In April of 2014, Brunner was removed from the Simon Wiesenthal Center's most-wanted list, in a move signifying that it considered him to be dead. Dr. Zuroff, who is also a Holocaust historian, said that the latest information provided more concrete evidence to support that conclusion.
"Brunner played a key role in the implementation of the 'Final Solution' to murder Jews," Dr. Zuroff said, "and was a monster." He said that Brunner sent 47,000 Jews in Austria, 44,000 in Greece, 23,500 in France, and 14,000 in Slovakia to camps, where most were murdered.
In the 1950s, Brunner is believed to have fled to Syria. He reportedly later served as an adviser to President Hafez al-Assad and is thought to have instructed his government on torture tactics.

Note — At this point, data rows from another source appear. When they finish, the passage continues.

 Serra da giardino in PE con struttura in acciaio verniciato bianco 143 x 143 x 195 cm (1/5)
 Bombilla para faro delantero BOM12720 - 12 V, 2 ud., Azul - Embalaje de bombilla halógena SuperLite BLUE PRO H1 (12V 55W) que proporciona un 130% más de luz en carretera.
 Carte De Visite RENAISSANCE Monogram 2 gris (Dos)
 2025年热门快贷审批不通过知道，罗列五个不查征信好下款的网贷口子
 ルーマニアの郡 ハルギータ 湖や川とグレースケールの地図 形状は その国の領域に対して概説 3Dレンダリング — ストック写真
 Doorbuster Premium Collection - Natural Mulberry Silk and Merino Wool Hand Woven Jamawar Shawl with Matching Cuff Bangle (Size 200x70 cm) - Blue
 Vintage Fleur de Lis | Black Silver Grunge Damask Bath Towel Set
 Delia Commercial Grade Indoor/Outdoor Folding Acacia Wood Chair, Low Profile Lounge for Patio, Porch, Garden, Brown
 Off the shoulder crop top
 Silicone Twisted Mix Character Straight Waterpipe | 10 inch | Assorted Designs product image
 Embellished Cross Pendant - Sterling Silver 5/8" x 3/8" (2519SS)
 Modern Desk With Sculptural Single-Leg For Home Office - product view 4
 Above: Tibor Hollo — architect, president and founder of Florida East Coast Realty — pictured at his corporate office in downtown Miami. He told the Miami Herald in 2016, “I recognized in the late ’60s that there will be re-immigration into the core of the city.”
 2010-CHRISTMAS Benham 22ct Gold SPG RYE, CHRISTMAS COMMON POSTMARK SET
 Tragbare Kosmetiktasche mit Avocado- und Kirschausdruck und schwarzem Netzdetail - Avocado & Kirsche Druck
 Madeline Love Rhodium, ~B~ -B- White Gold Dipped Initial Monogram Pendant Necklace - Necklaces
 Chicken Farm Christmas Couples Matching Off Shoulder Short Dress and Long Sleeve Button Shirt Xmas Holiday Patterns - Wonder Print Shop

The Austrian-born SS chief was once described by Adolf Eichmann, the architect of the 'Final Solution', as one of his best men. Eichmann dispatched Brunner wherever he felt round-ups of Jews were proceeding too slowly
From June 1943 until the liberation of France, he sent thousands of Jews to their almost certain deaths He waged a reign of terror on the French Riviera, hunting down Jews who had sought refuge in the relative safety of the Italian-occupied zone
It is widely believed that he fled to Syria in the 1950s, living there under the false name of Georg Fischer, and that successive regimes offered him protection. Syria has repeatedly denied harboring him. In 2001, he was sentenced in absentia to life imprisonment by a court in France.
Brunner was in charge of the Drancy internment camp outside Paris, France, where Jews rounded up in France were held before being sent to the death camps. An estimated 345 children were among his victims.
Dr. Zuroff said that Brunner survived at least two Israeli intelligence assassination attempts while in Syria, in 1961 and 1980. He said that the Syrian civil war made it impossible to know the precise location of Brunner's grave.